See the country for the parks

Canada's national parks have always been Canadian treasures, but the idea of what parks really do and represent has changed over the years. The Yukon has set precedents for that change, say David Neufeld and Brad Martin.

Canada’s national parks have always been Canadian treasures, but the idea of what parks really do and represent has changed over the years.

The Yukon has set precedents for that change, say David Neufeld and Brad Martin.

Both have written chapters for a new book, A Century of Parks Canada 1911-2011.

While their work focusses on two different Yukon parks at two different points in history, a common theme emerged.

Both Neufeld and Martin found themselves writing more about the First Nation people of the area than the actual environment.

“The debate changes from being an internal one from Western civilization of, ‘Should we mine it or should we admire it?’ to ‘Oh, there’s somebody else here who has some call on this place,’ and it became a discussion between cultures,” said Neufeld, Parks Canada’s Yukon and West Arctic historian and an adjunct professor at Yukon College.

Neufeld focused his chapter on Kluane National Park and Reserve and the aboriginal people settled around Burwash Landing.

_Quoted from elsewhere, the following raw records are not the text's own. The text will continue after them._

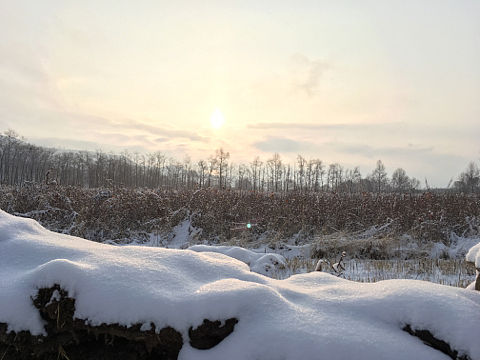 雪地日出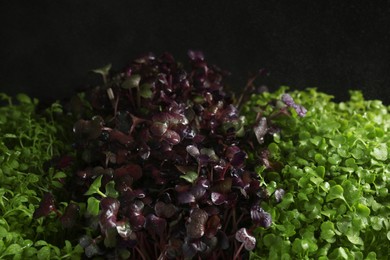 Photo of Different fresh microgreens on dark background, closeup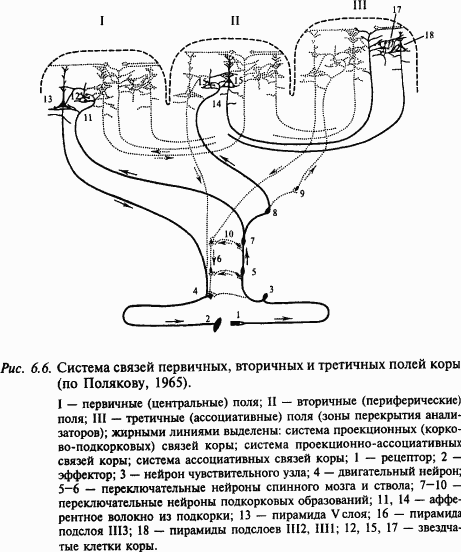 Основы нейрофизиологии - i_4B.png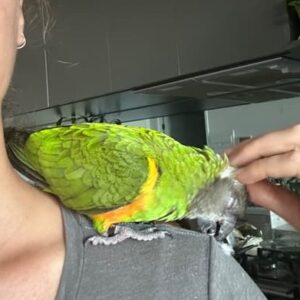 senegalpapagei kaufen deutschland zahmer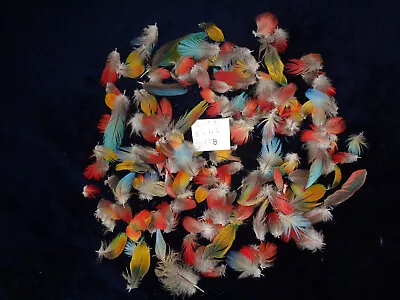 178 Beautiful Medium To Small Macaw Feathers • $28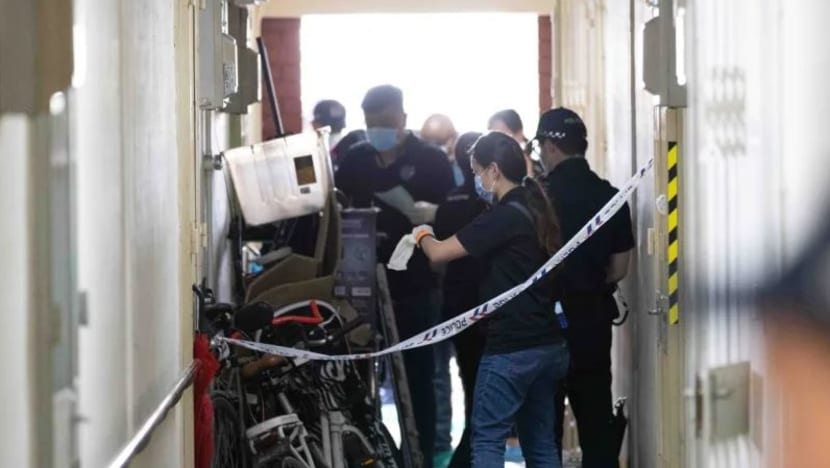 Lelaki didakwa bunuh penyewa tinggal sebumbung dengannya di Redhill direman lanjut bagi penilaian psikiatrik Lelaki didakwa bunuh penyewa tinggal sebumbung dengannya di Redhill direman lanjut bagi penilaian psikiatrik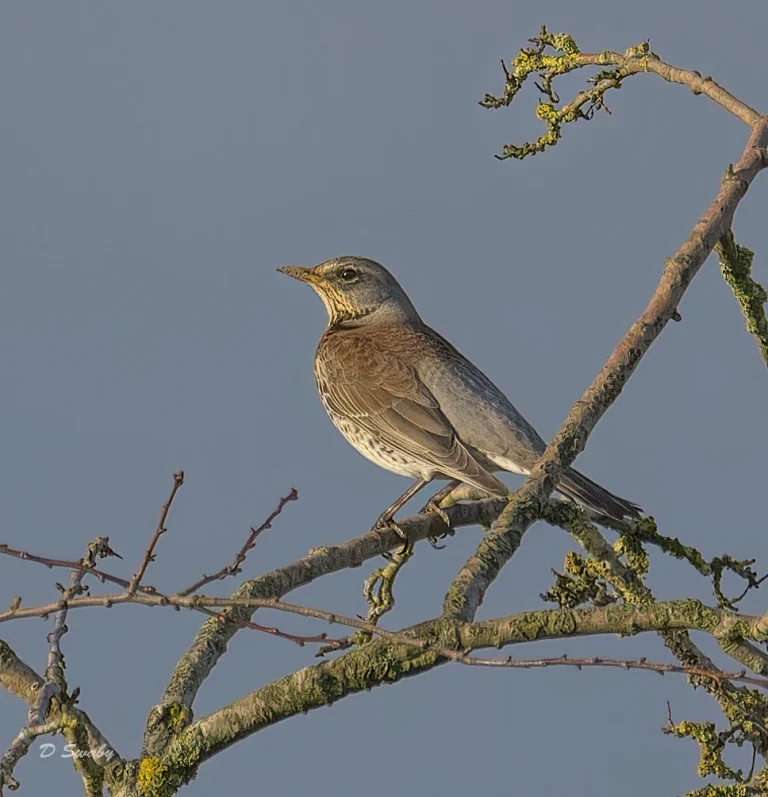 Bird Gallery 2022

He combed the archives to find Parks Canada had a presence in the area since the 1920s. It was around the same time the mining industry took a dive, wrote Neufeld in his chapter. Other ways of making money – largely outfitting companies and fur farms – were brought in and threats to kick aboriginal people out of land designated for protected parks began in the 1930s and ‘40s.

Neufeld’s chapter chronicles aboriginal peoples’ impressive protests to the rules being imposed on them – rules that spanned hunting restrictions to displacement.

He quotes a petition and letter written from the Burwash people to Yukon Indian Agent J.E. Gibbon in 1946.

“We most firmly protest against these conditions forced upon us,” it reads. “For we are thus deprived of our means of subsistence and development; we, the natives of this country, are being driven away like a pack of useless dogs.”

The letter outlines hunting restrictions and the planned park borders that include their land except a far-off portion that is inaccessible during some seasons.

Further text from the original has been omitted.